Paris Anlaşması'nın 2015 yılında kabul edilmesinden bu yana, neredeyse 200 ülke sera gazı emisyonlarını azaltmayı taahhüt etmişti. Ancak, raporun belirttiğine göre, Karbon Majörleri Veritabanı'nda listelenen 100 devlet ve yatırımcı şirketten 58'i bu taahhütlere rağmen üretimlerini artırmış durumda.
Raporda dikkat çeken bir diğer nokta da, kömür tüketiminin son yıllarda rekor seviyelere çıktığı. Uluslararası Enerji Ajansı'na göre, yedi yıllık dönemde kömür tüketimi yüzde sekiz artarak 8.3 milyar tona ulaştı. Bu da, fosil yakıt kullanımının hala artmakta olduğunu ve iklim değişikliğiyle mücadelede daha fazla çaba harcanması gerektiğini gösteriyor.
Raporda adı geçen şirketler arasında, Exxon Mobil gibi Amerikan şirketleri, Rusya'nın Gazprom'u ve Suudi Arabistan'ın Aramco şirketi gibi devlet şirketleri bulunuyor. Bu şirketler, yüksek kar elde ederken çevresel etkileri göz ardı etmekle suçlanıyor ve iklim politikalarının oluşturulmasında engel oluyorlar.

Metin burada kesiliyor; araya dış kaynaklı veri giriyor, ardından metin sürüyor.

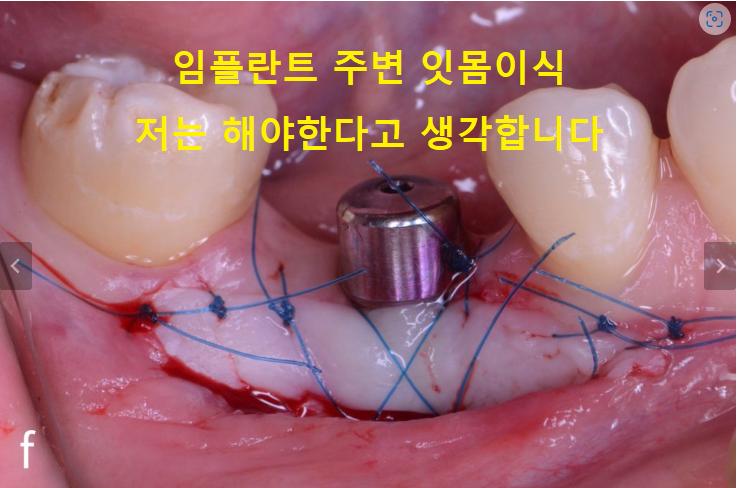 어금니 임플란트 주변 잇몸이식수술 - 저는 해야한다고 생각합니다. (feat. 대한치과의사협회 논문 + 치주과전문) 관련 이미지 1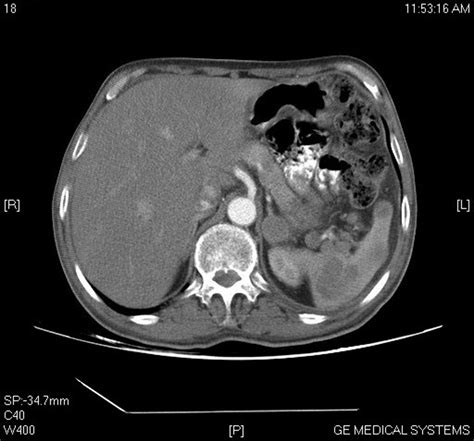 Ct Scan Abdomen Showing Enlarged Lymph Nodes And Splenic Lesions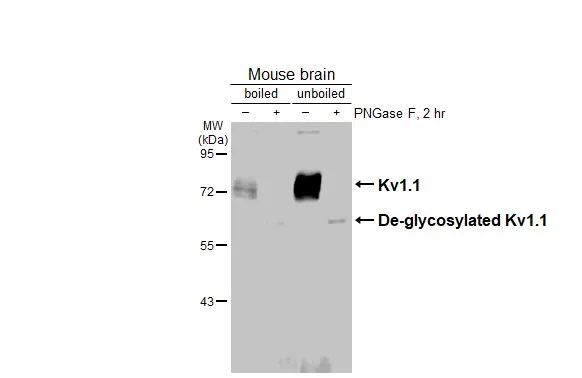 Untreated (–) and treated (+) boiled and unboiled mouse tissue extract (50 μg) were separated by 7.5% SDS-PAGE, and the membrane was blotted with Kv1.1 antibody [HL3162] (GTX640672) diluted at 1:1000. The HRP-conjugated anti-rabbit IgG antibody (GTX213110-01) was used to detect the primary antibody.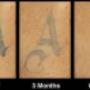 Rimozione tatuaggio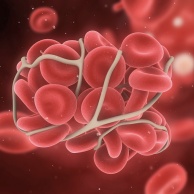 APC-Resistenz (Faktor-V-Leiden)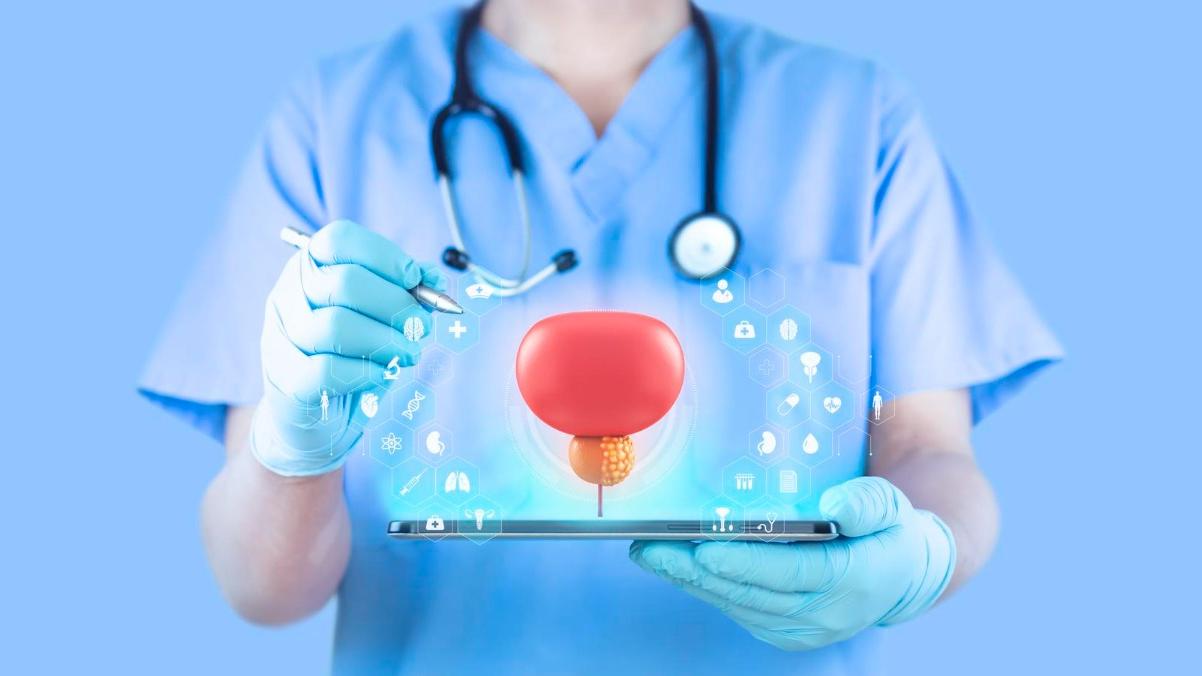 前列腺癌是全球男性第二常見的癌症Z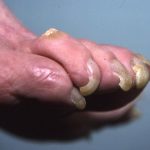 Long toenails and corn on top of 4th toe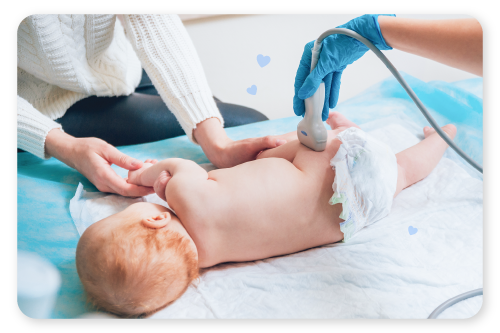displasia-de-cadera-en-bebes-2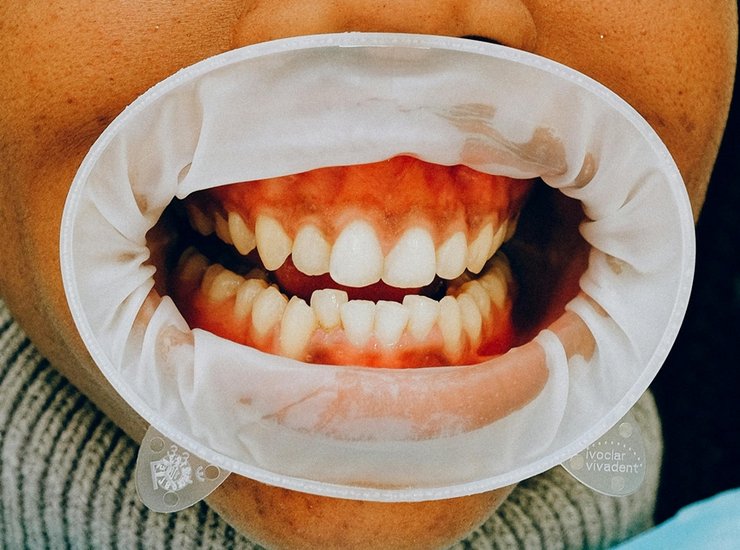 black teeth treatment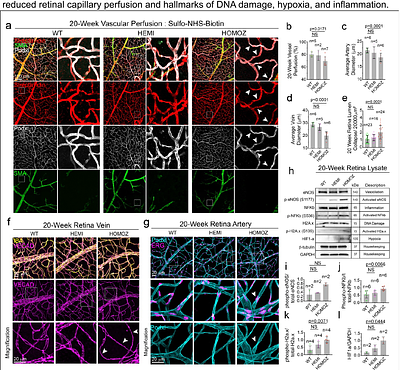The Nuclear-Cytoskeletal Interface Is a Vulnerability in Aging Endothelium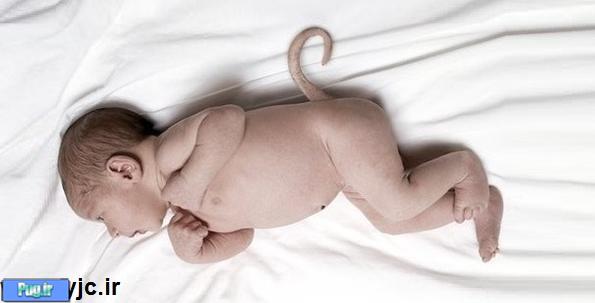 به دنیا آمدن نوزاد دم دار و کودکی با دو صورت! + تصاویر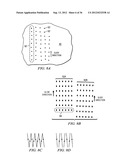 RADIATION-BASED DERMATOLOGICAL DEVICES AND METHODS diagram and image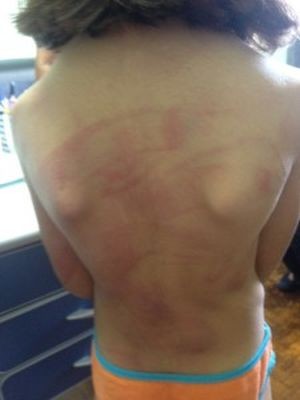 Menina ficou com marcas da agressão (Foto: Divulgação/Polícia Civil)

Uzmanlar, bu raporun, fosil yakıtların hala ekonomide önemli bir yer tuttuğunu ve iklim değişikliğiyle mücadelede daha katı önlemlerin alınması gerektiğini gösterdiğini belirtiyorlar. Ayrıca, uluslararası işbirliğinin ve şirketlerin daha fazla sorumluluk almasının önemini vurguluyorlar.